Lawton S. Parker (7 April 1868 – 1954) was an American impressionist painter.

==Biography==
Born in Fairfield, Michigan, raised in Kearney, Nebraska, Parker studied at the Art Institute of Chicago beginning in 1886. He traveled to France and studied at the École des Beaux-Arts. For a time, he was associated with the Giverny art colony and adopted an impressionist style. After returning to the United States, in 1892 he was appointed professor of the St. Louis School of Fine Arts. He became director of art at Beloit College in 1893, and president of the New York School of Art in 1898-99. Beginning 1903, he resided in Chicago and taught at the Art Institute.

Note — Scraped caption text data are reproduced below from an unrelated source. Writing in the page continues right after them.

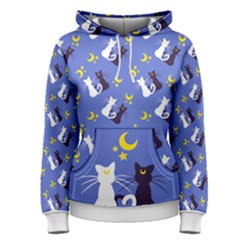 Moon Kitties Women s Pullover Hoodie by Ellador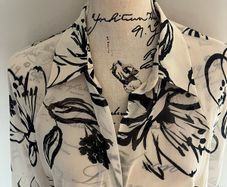 Zara Print Sheer Blouse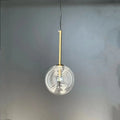 Modern gold bubble glass ball pendant light for kitchen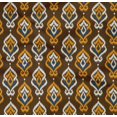 thumbnail image 4 of oneOone Organic Cotton Poplin Twill Fabric Damask Ikat Print Fabric By The Yard 42 Inch Wide, 4 of 4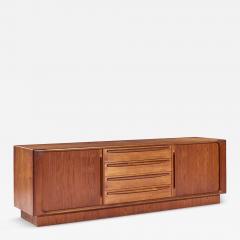 Bernhard Pedersen Son Bernhard Pedersen Son Mid Century Danish Teak Tambour Door Sideboard Credenza - 4484920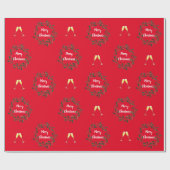 メリークリスマスラッピング紙への応援 ラッピングペーパー (フラット)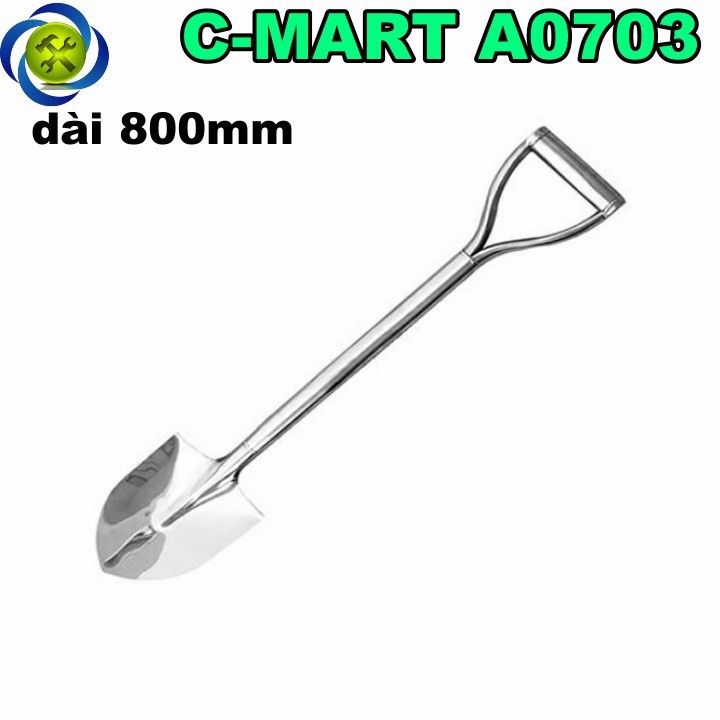 Xẻng làm vườn inox 800mm c-mart a0703
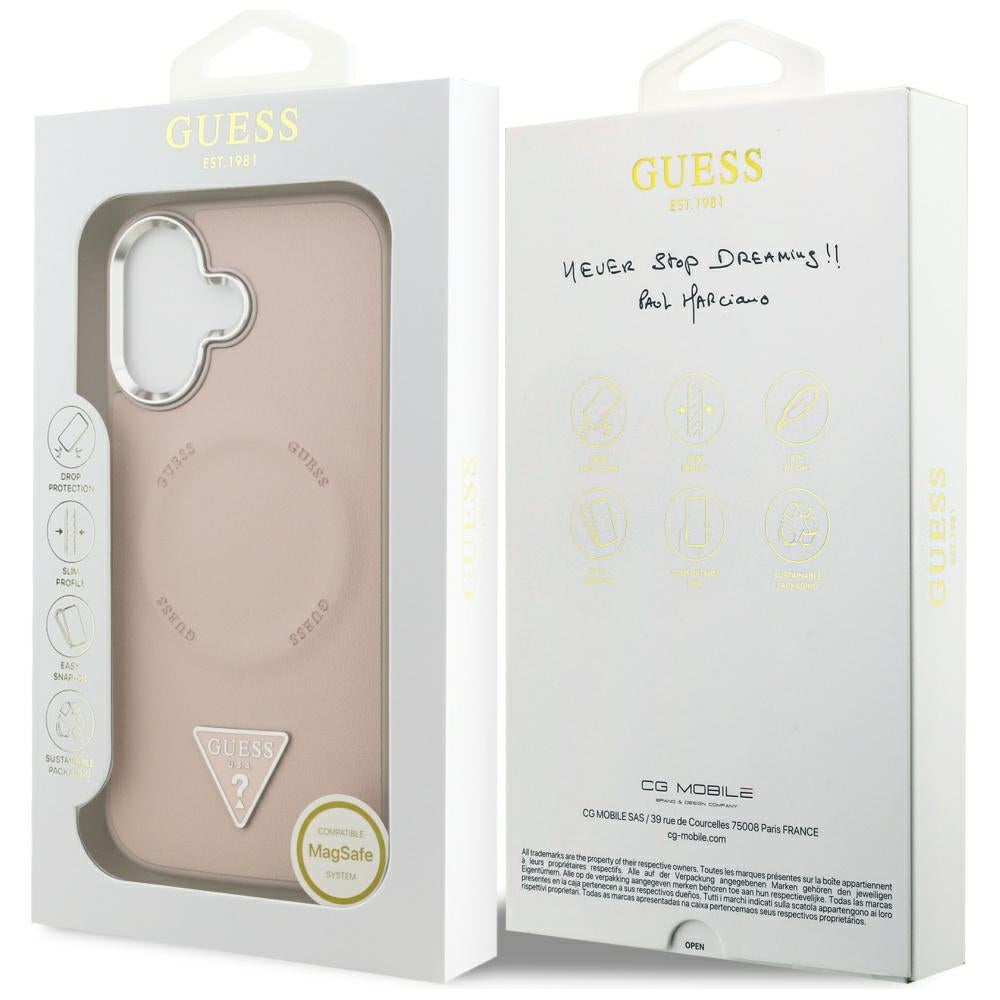 Guess Triangle Logo MagSafe-hylster til iPhone 17 - pink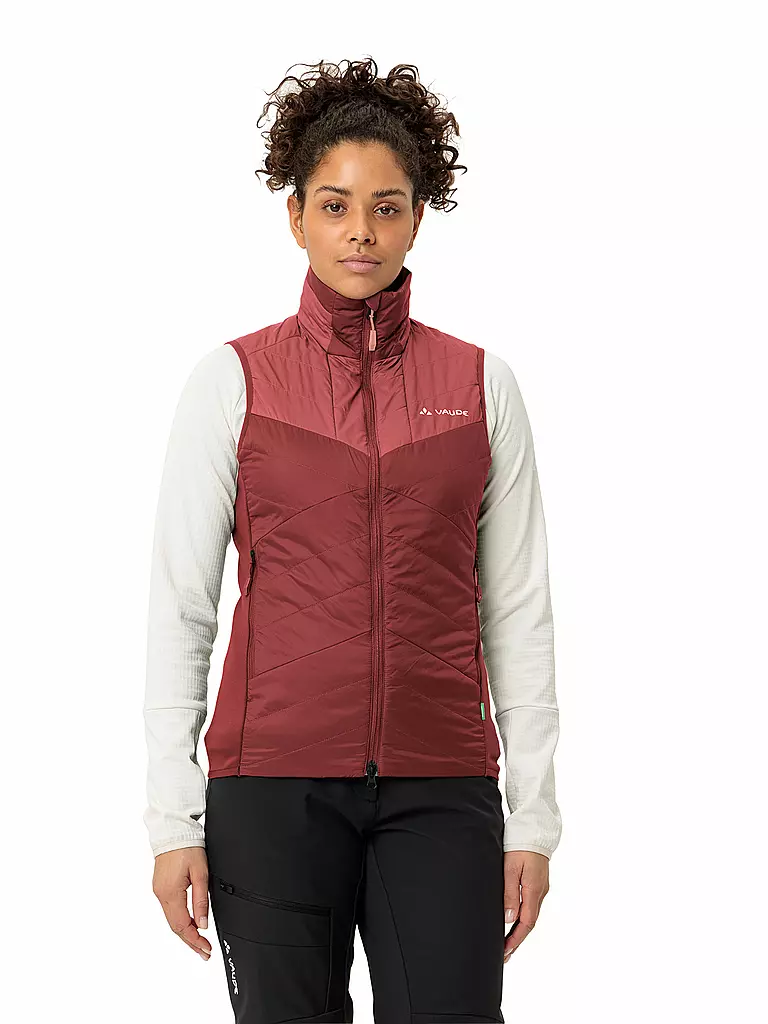 VAUDE | Damen Isoweste Sesvenna  | Rojo oscuro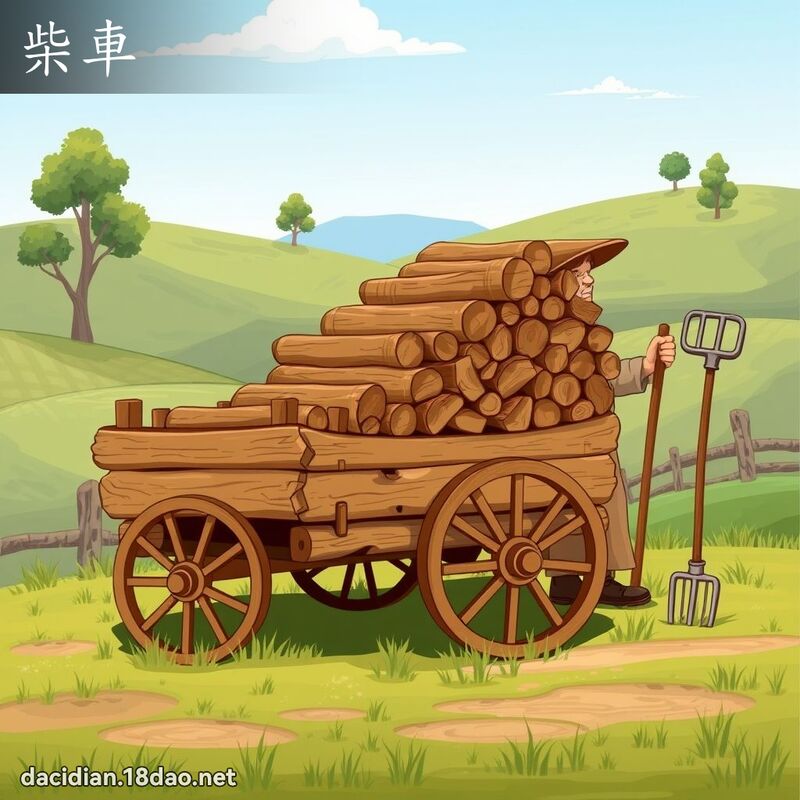 柴車 - 國語大辭典配圖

Among his sitters for portraits were Martin A. Ryerson, J. Ogden Armour, N. W. Harris, Harry P. Judson, and Peter S. Grosscup. He received the silver medal at the Saint Louis Exposition in 1904; gold medals at the International Exposition, Munich, in 1905, and at the Paris Salon in 1913 (the first American so honored); and was awarded the medal of honor at the Panama–Pacific International Exposition in 1915. Parker was also the president of the Rodin Studios corporation, which developed an artists' cooperative housing of the same name in New York City.

He died at age 86 in Pasadena, California.